L'intérim sera assuré par le Letton Valdis Dombrovskis, un des vice-présidents de la Commission, avant une décision sur "la répartition finale des portefeuilles au sein du collège des commissaires", a souligné Mme von der Leyen.

Un jeu de chaises musicales n'est en effet pas exclu : rien ne dit que l'Irlande parviendra à garder le prestigieux poste de commissaire au Commerce, qu'elle perçoit comme stratégique pour défendre ses intérêts dans le Brexit, pour lequel elle est en première ligne.

La démission, relativement rare, d'un commissaire est toujours une affaire délicate car elle affecte l'ensemble de l'équilibre géographique et politique sur lequel repose la Commission, dans laquelle chaque pays dispose d'un poste.

L'équipe de 26 personnes présidée par la conservatrice von der Leyen est le fruit d'un savant dosage entre les principales familles politiques de l'UE, en fonction de leurs résultats aux élections européennes de mai 2019.

Ursula von der Leyen entend "rapidement" reformer l'exécutif européen et "se réserve le droit de choisir quel portefeuille sera attribué à quel commissaire", a confirmé à la presse une porte-parole de la Commission, Dana Spinant.

Candidats potentiels

L'Irlande ne manque pas de candidats potentiels pour succéder au responsable du commerce de l'UE, un poids lourd de la politique surnommé "Big Phil", dont les excuses et proclamations de bonne foi n'ont pas réussi à faire retomber le scandale provoqué par son séjour en Irlande.

Se prévalant d'un test du Covid-19 négatif, il ne s'est en effet pas soumis à la quarantaine de deux semaines après son arrivée de Belgique et a participé à un dîner de gala avec plus de 80 invités le 19 août, au lendemain d'un durcissement des limitations imposées aux rassemblements en raison d'un rebond de l'épidémie.

Sont cités comme possibles remplaçants dans la presse irlandaise le vice-Premier ministre et ancien chef du gouvernement Leo Varadkar, le ministre des Affaires étrangères Simon Coveney et celui des Finances Paschal Donohoe, élu en juillet à la tête de l'Eurogroupe.

Ces acteurs de premier plan de la politique irlandaise ont toutefois l'inconvénient de détenir des positions-clés dans le nouveau gouvernement de coalition formé fin juin dans la douleur et déjà confronté à des démissions liées à ce scandale, dont celle du ministre de l'Agriculture Dara Calleary.

Mairead McGuinness, un des vice-présidents du Parlement européen, et la députée européenne Frances Fitzgerald, mentionnées par RTE, auraient l'avantage de ne pas déstabiliser la coalition en place.
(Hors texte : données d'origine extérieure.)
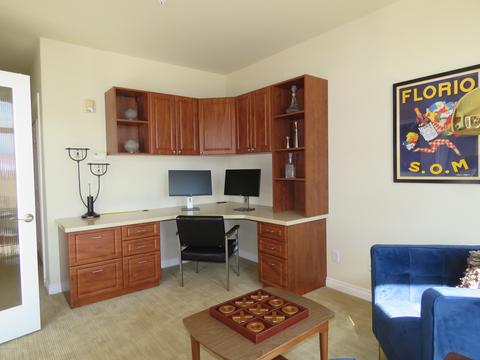 222 E 7th Ave # 307, Anchorage, AK 99501 photo 51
Le nom de l'ancien Premier ministre Enda Kenny est également avancé, de même que celui de David O'Sullivan, un ancien haut-fonctionnaire de la Commission.

La question du remplacement de M. Hogan s'était déjà posée quand il avait songé à briguer le poste de directeur général de l'Organisation mondiale du commerce (OMC) en juin, avant d'y renoncer.